Data for the task ▸
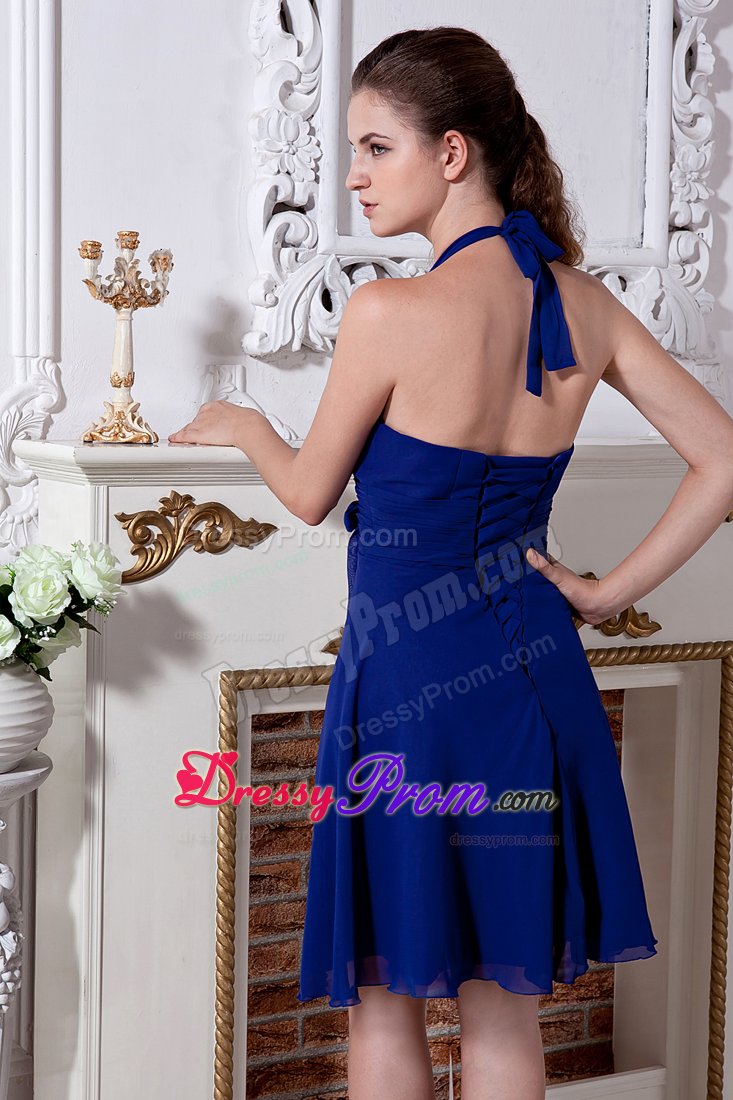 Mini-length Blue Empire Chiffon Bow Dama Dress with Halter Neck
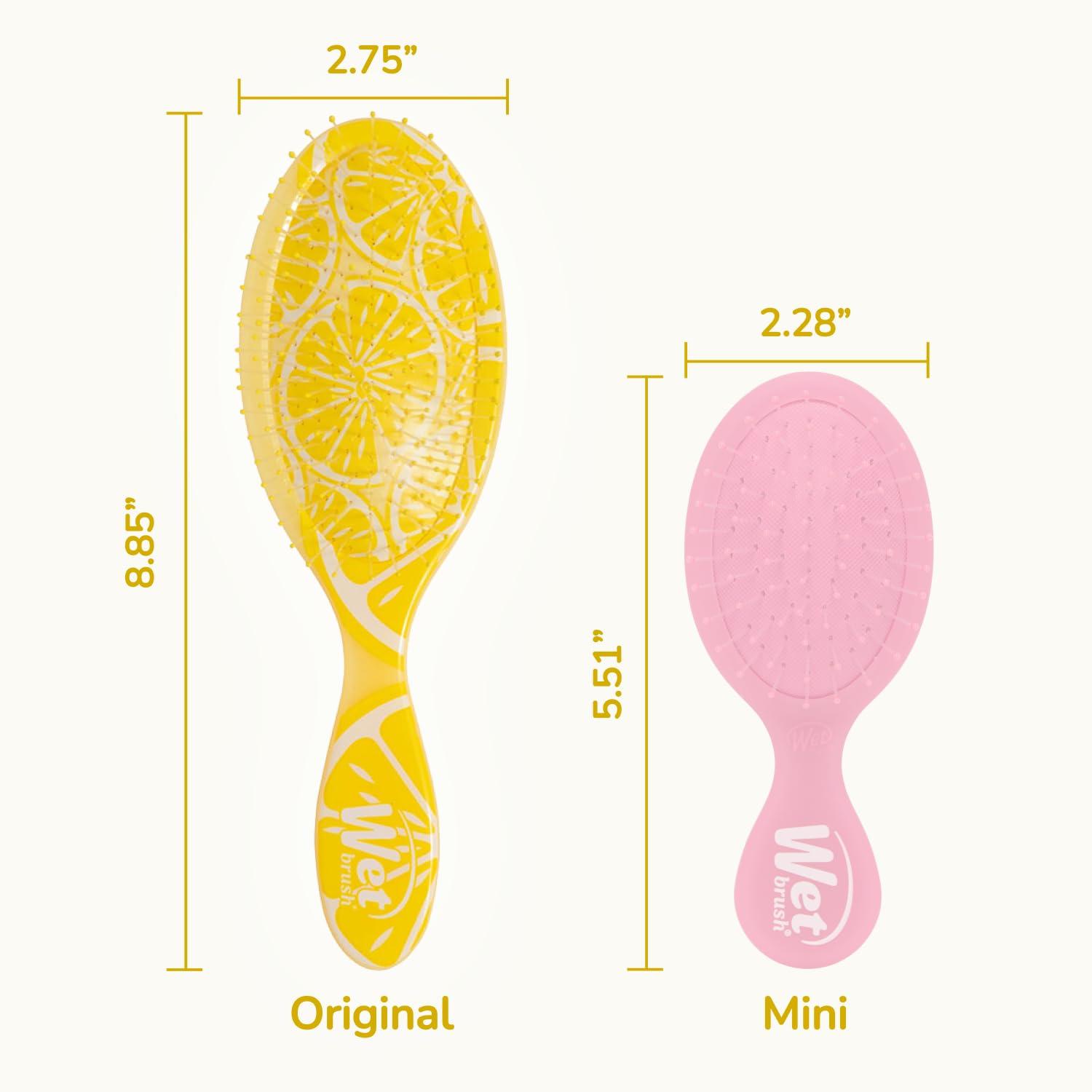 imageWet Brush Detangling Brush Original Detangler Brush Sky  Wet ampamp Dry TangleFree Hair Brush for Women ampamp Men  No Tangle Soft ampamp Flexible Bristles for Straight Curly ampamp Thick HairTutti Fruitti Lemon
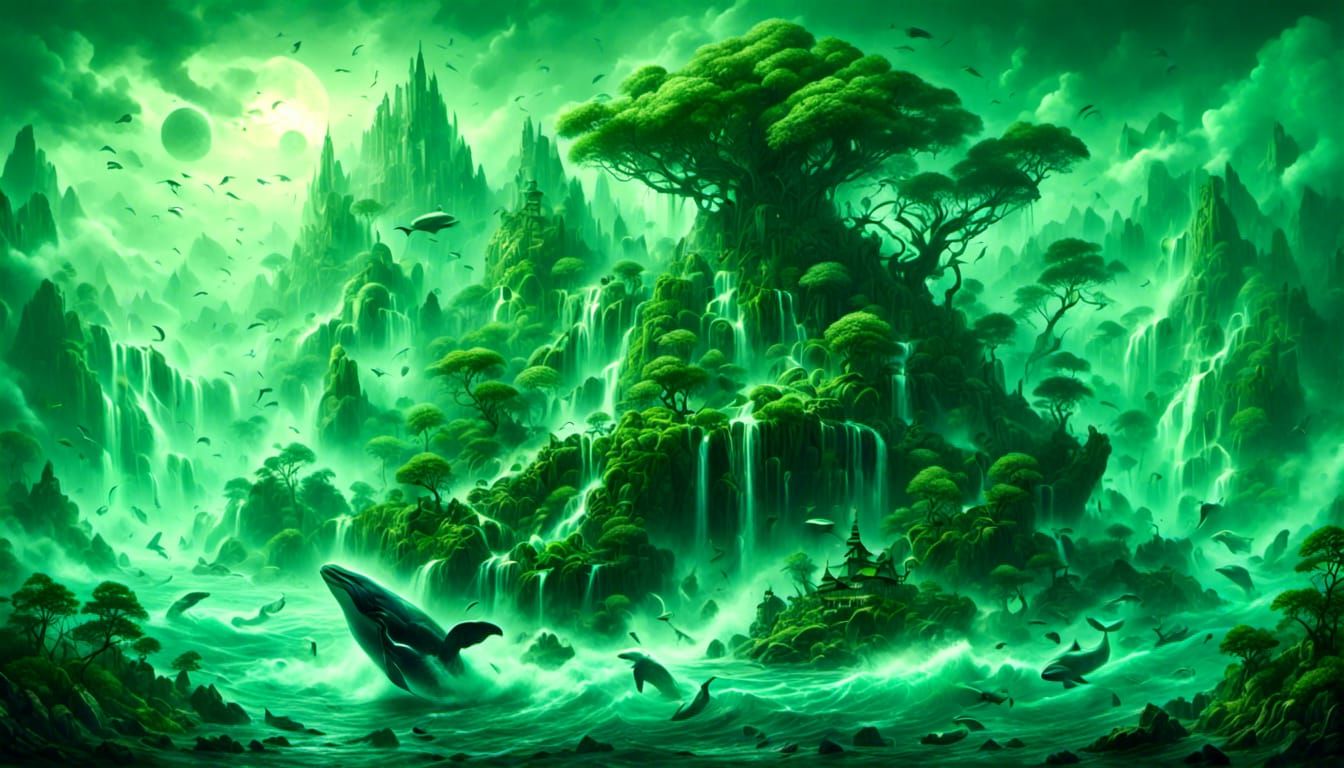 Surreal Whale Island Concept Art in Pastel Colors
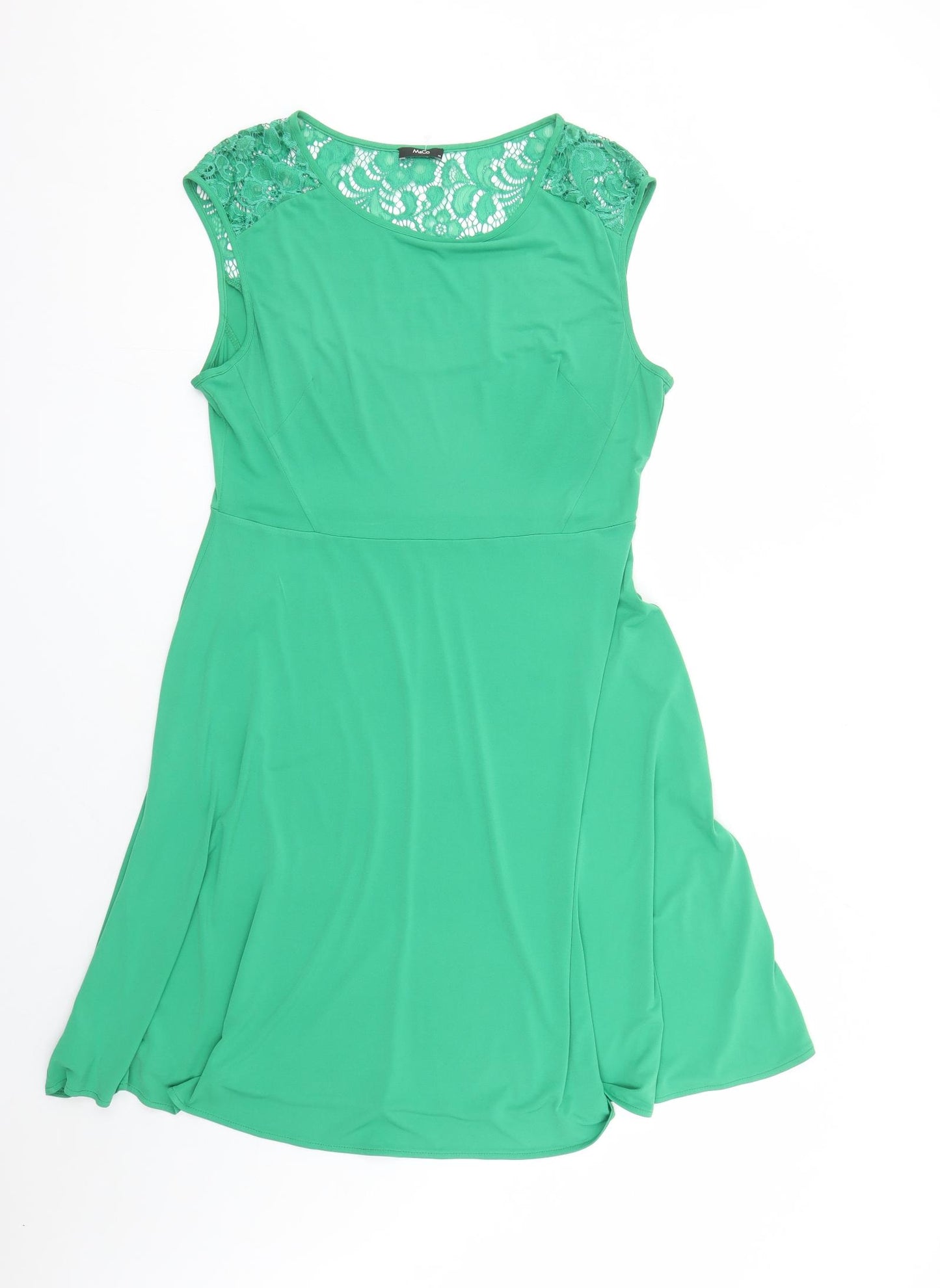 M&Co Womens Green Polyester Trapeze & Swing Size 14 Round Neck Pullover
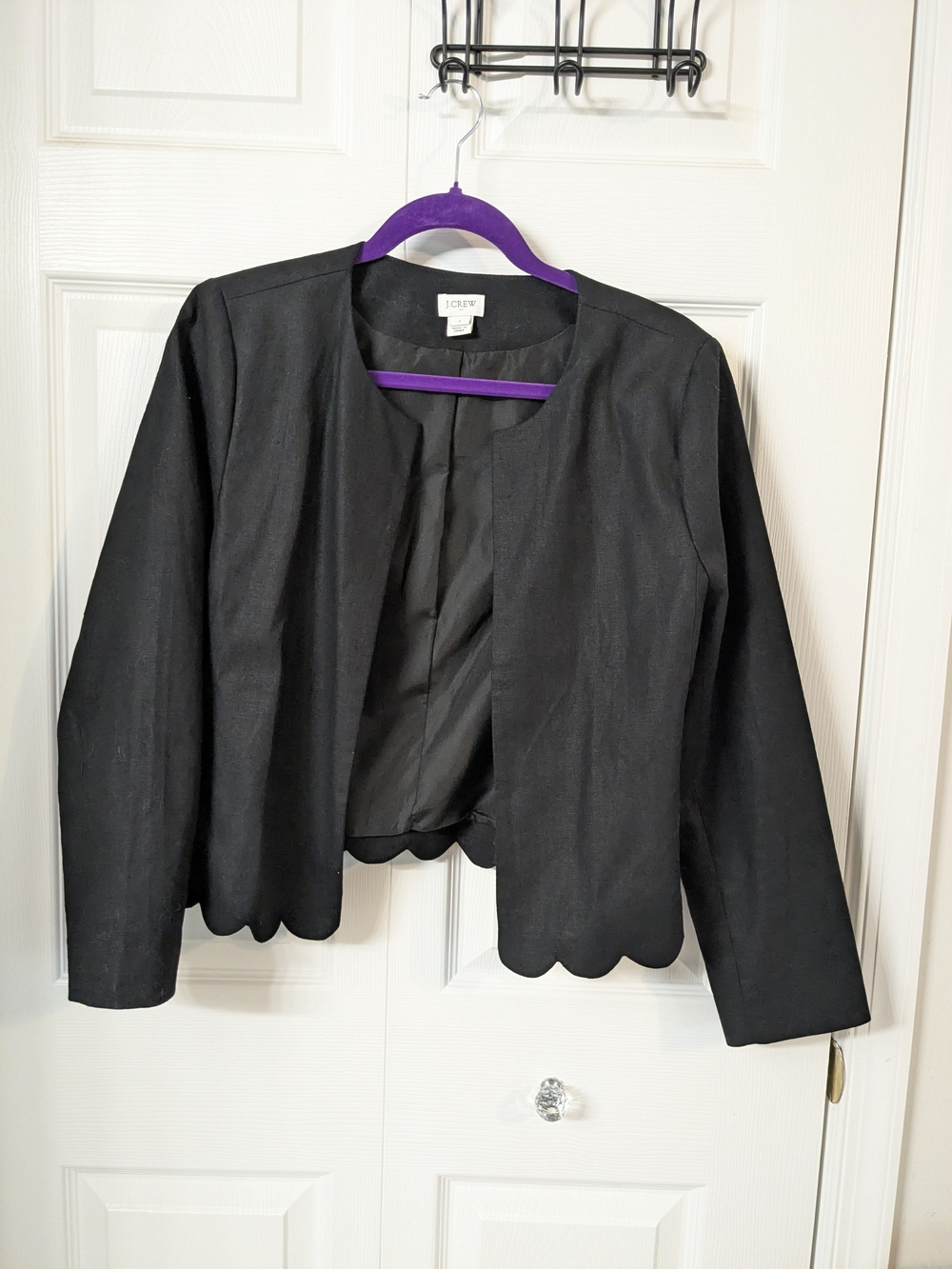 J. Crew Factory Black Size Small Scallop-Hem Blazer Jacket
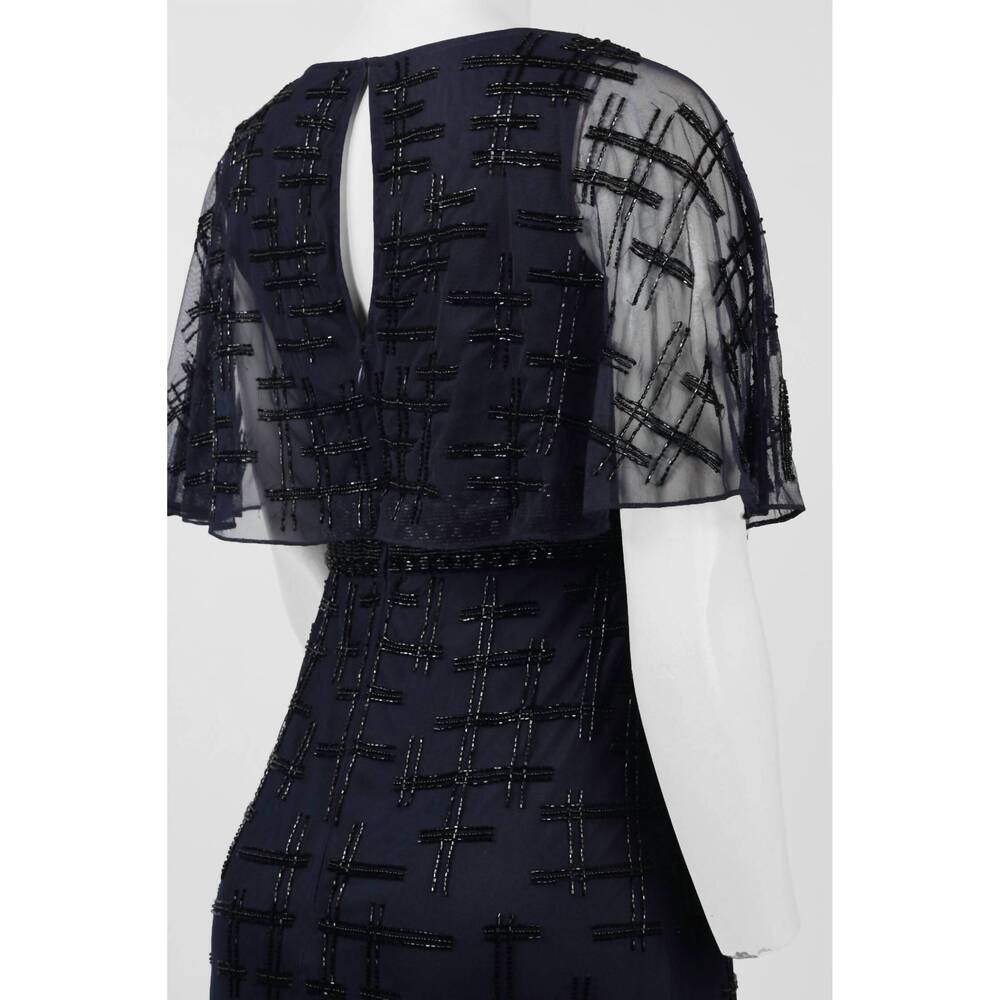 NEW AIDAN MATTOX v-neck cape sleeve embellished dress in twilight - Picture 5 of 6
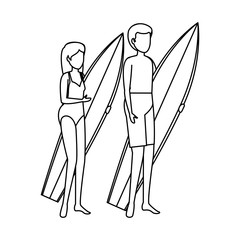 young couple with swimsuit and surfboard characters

Task to carry out ▸ Pictures are to be left out, and the lines from the beginning of the records through the line with "NEW AIDAN MATTOX" are to be printed exactly, with nothing added.

Result of the exercise ▸
 Mini-length Blue Empire Chiffon Bow Dama Dress with Halter Neck
 imageWet Brush Detangling Brush Original Detangler Brush Sky  Wet ampamp Dry TangleFree Hair Brush for Women ampamp Men  No Tangle Soft ampamp Flexible Bristles for Straight Curly ampamp Thick HairTutti Fruitti Lemon
 Surreal Whale Island Concept Art in Pastel Colors
 M&Co Womens Green Polyester Trapeze & Swing Size 14 Round Neck Pullover
 J. Crew Factory Black Size Small Scallop-Hem Blazer Jacket
 NEW AIDAN MATTOX v-neck cape sleeve embellished dress in twilight - Picture 5 of 6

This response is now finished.